EHS management software makes it possible—even easy—to stay on top of everything.

What Does It Do? How Does It Work?

EHS software standardizes, simplifies, and automates environment, health, and safety activities. It brings all your EHS program data and activities into a single, comprehensive location, so you can see how things are going, reference regulatory information and policies, and take action in just a few clicks. This reduces gaps and errors, as well as busywork and guesswork. You don’t need to spend time hunting down forms, run around checking on things constantly, or lose sleep worrying whether employees are following the rules and staying safe.

software-based EHS systems make processes such as the following as easy and accurate as possible:

  • incident management
  • assigning corrective and preventive actions
  • recordkeeping while reducing data entry
  • safety data sheet (SDS) management
  • workforce training
  • reporting
  • incident and trend analysis
  • audits and inspections

Beyond its time- and error-saving capabilities, EHS systems empower better decision-making. You can use it to keep track of what you’re spending and where along with what groups and processes are falling short: Are there specific risk, compliance, and safety practices that employees are struggling with? Are certain departments or teams lagging behind?

20 Things You Can Do Easily With Health & Safety Software

1. Perform facility audits.

2. Record all work-related injuries, illnesses, and accidents.

3. Use data to conduct root-cause analyses and prevent future incidents.

4. Reference results of regular safety observations.

5. Document safety committee meetings.

6. Assign workers to fix malfunctioning equipment.

7. See all open EHS issues in real-time.

8. Follow up on assigned tasks.

9. Receive alerts when tasks are completed or overdue to ensure compliance.

10. Manage workers’ compensation claims.

11. Train new hires.

12. Run annual refresher training.

13. Check training records.

14. Receive updates about new regulations and rule changes.

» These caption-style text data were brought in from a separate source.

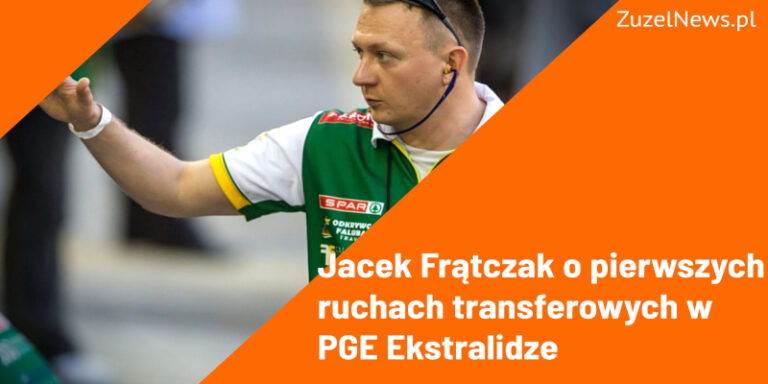 Jacek Frątczak o pierwszych ruchach transferowych w PGE Ekstralidze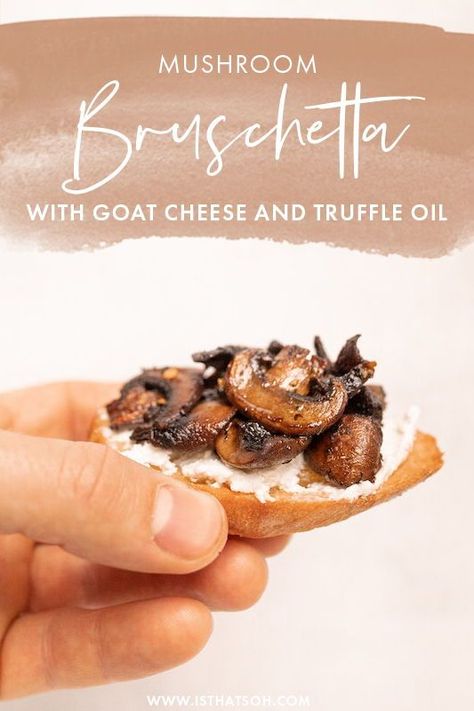 Bruschetta With Goat Cheese, Mushroom Bruschetta Recipe, Mushroom Goat Cheese, Catering Appetizers, Mushroom Bruschetta, Truffle Oil Recipes, How To Make Bruschetta, Classic Bruschetta, Hot Toddies Recipe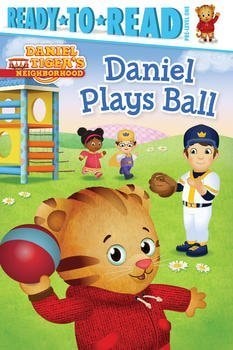 Daniel Tiger's Neighborhood Ready*to*Read Pre-level One Daniel Plays Ball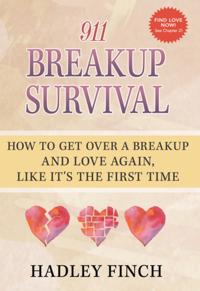 911 Breakup Survival How To Get Over A Breakup And Love Again, Like It's The First Time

15. Educate workers on regulatory updates.

16. Fill out OSHA 300, 300A, and 301 Forms.

17. View your chemical inventory.

18. Find and address missing SDS information.

19. Assess the status of personal protective equipment (PPE).

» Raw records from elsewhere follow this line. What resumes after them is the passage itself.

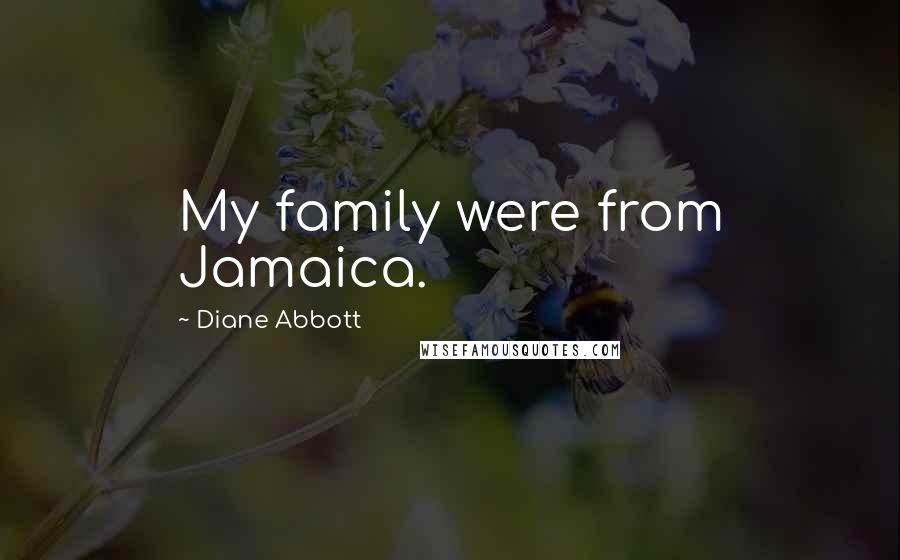 Diane Abbott Quotes: My family were from Jamaica.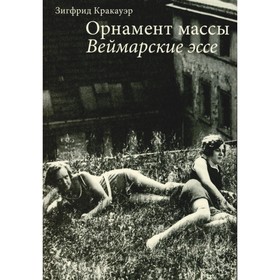 Орнамент массы. Веймарские эссе. 2-е издание. Кракауэр З.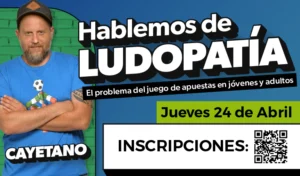 Hablemos de Ludopatía - Charla con Nicolás "Cayetano" Cajg.
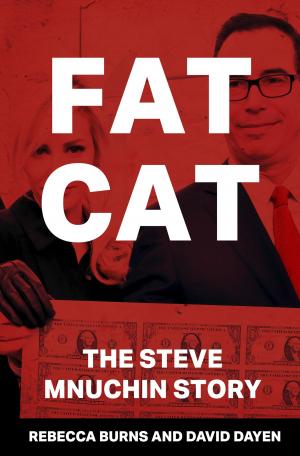 Cover of the book Fat Cat: The Steve Mnuchin Story by Donald R. Miklich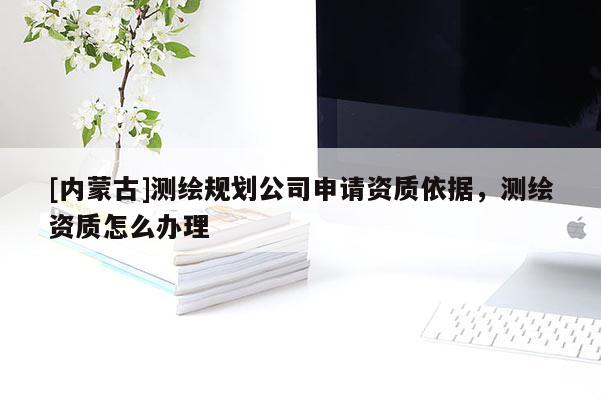[內(nèi)蒙古]測繪規(guī)劃公司申請資質(zhì)依據(jù)，測繪資質(zhì)怎么辦理
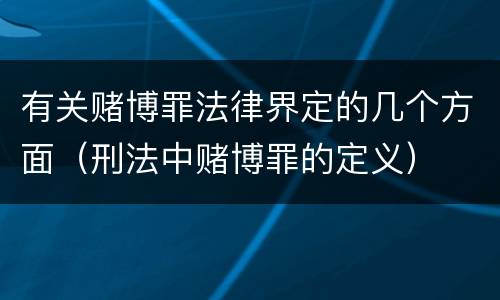 有关赌博罪法律界定的几个方面（刑法中赌博罪的定义）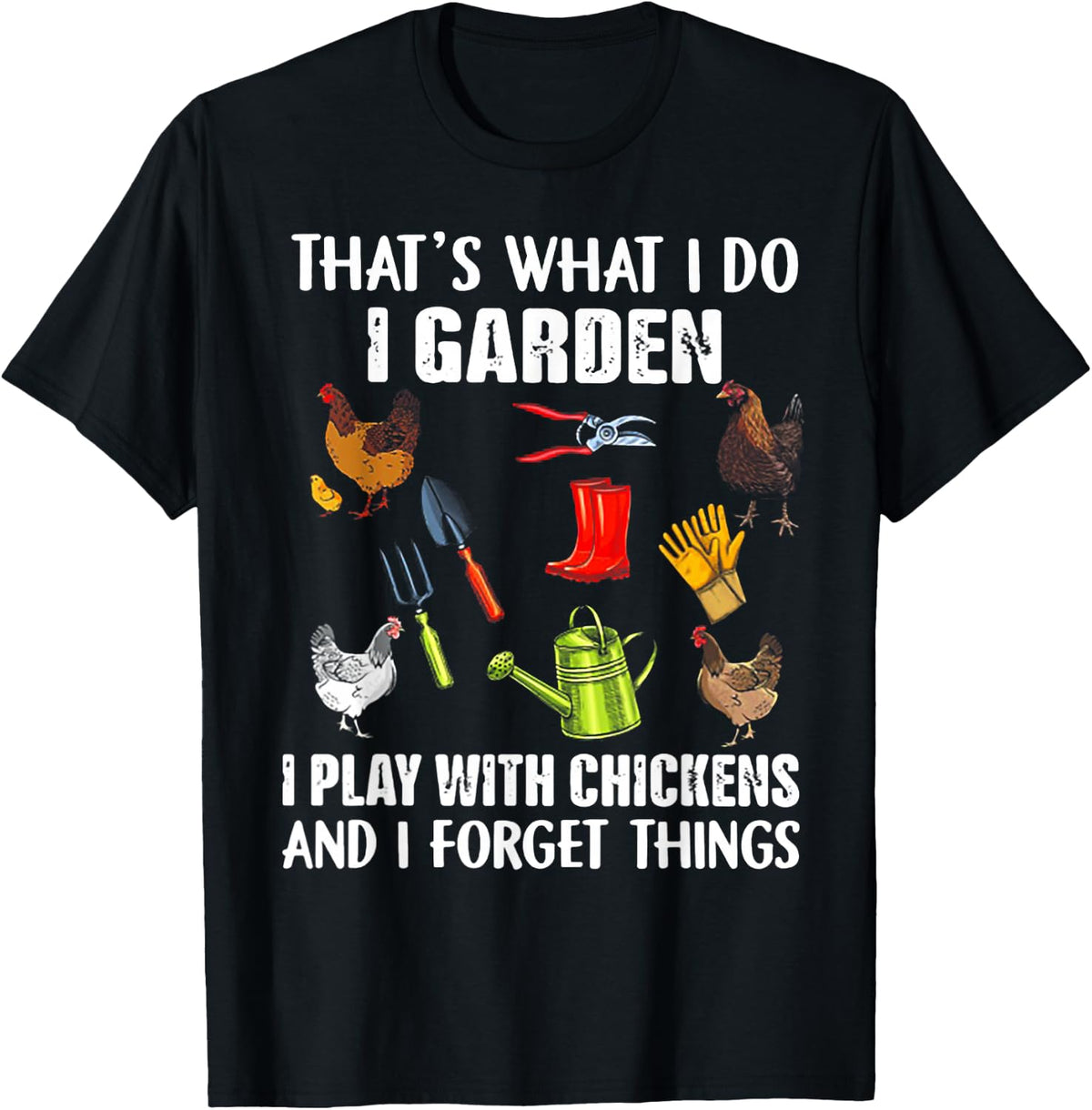 That's What I Do I Garden I Play With Chickens T-Shirt - Black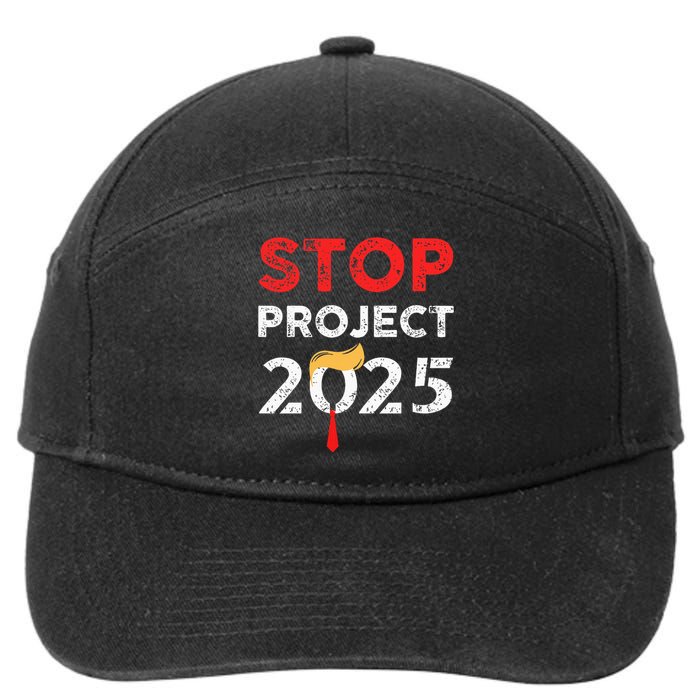 Stop Project 2025 TrumpS Project Anti Trump 7-Panel Snapback Hat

20. Generate compliance reports.

Why Use EHS Software?

There are countless reasons, here are just a few:

You’ll have fewer workplace injuries and illnesses. This is the big one. You need a reliable, easy way to track and address EHS issues—ideally before they become incidents.

You’ll save money. Lower workers’ compensation costs, fewer penalties, fewer legal fees, less employee turnover—by reducing incidents, EHS compliance software also reduces the expenses associated with incidents.

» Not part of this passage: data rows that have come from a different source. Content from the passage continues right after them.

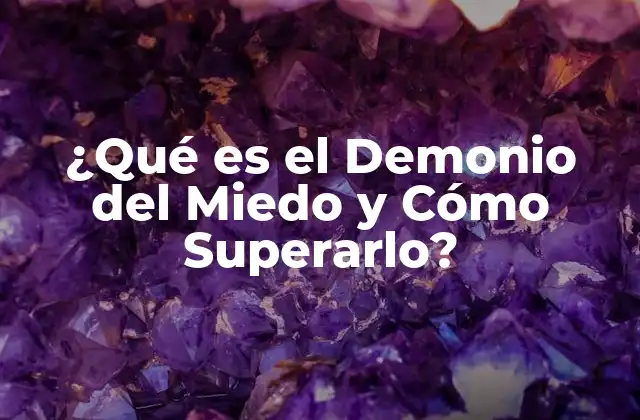 ¿qué es el Demonio Del Miedo y Cómo Superarlo?
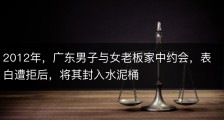 2012年，广东男子与女老板家中约会，表白遭拒后，将其封入水泥桶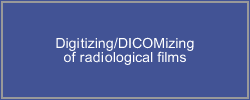 Digitizing/DICOMizing of radiological films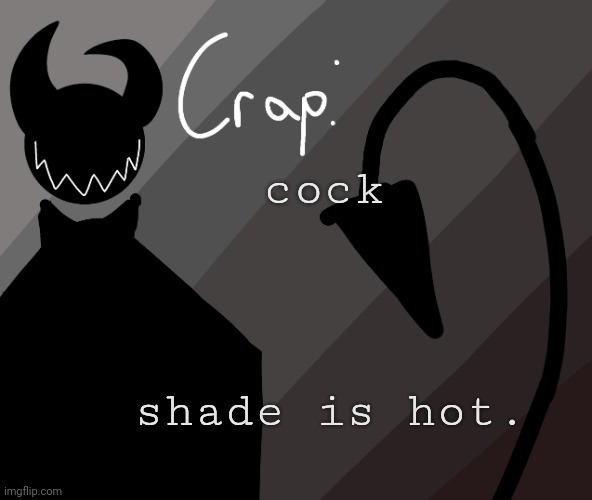 cock; shade is hot. | made w/ Imgflip meme maker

You’ll improve productivity and efficiency. For one, fewer injuries mean fewer disruptions, fewer lost hours, and fewer days away from work. Moreover, this software eliminates unnecessary tasks, so safety and compliance professionals have more time to focus on what matters.

You’ll make smarter decisions. With comprehensive, up-to-the-minute data at your fingertips, you can zero in on existing issues and correct them before they develop into larger problems. You can also track what programs work and apply elements of those programs to areas that need improvement.

You’ll avoid compliance headaches. Activities such as audits and OSHA reporting can be a pain, both in terms of time and money spent. EHS based software makes it easy to keep investigators and regulators happy—without needless hours spent working on spreadsheets.

You’ll gain a competitive edge. Better hiring, retention, reputation, and morale are all-natural consequences of a good EHS management system. Plus, the money you save by avoiding incidents and automating compliance can be used to improve products, services, or business processes—or passed along to your customers or clients as upfront savings.

Who Uses EHS Software?

Companies of all sizes and industries rely on EHS management software to manage their key safety and compliance processes. Generally speaking, the bigger and more heavily-regulated the organization, the more important it is to use safety compliance software.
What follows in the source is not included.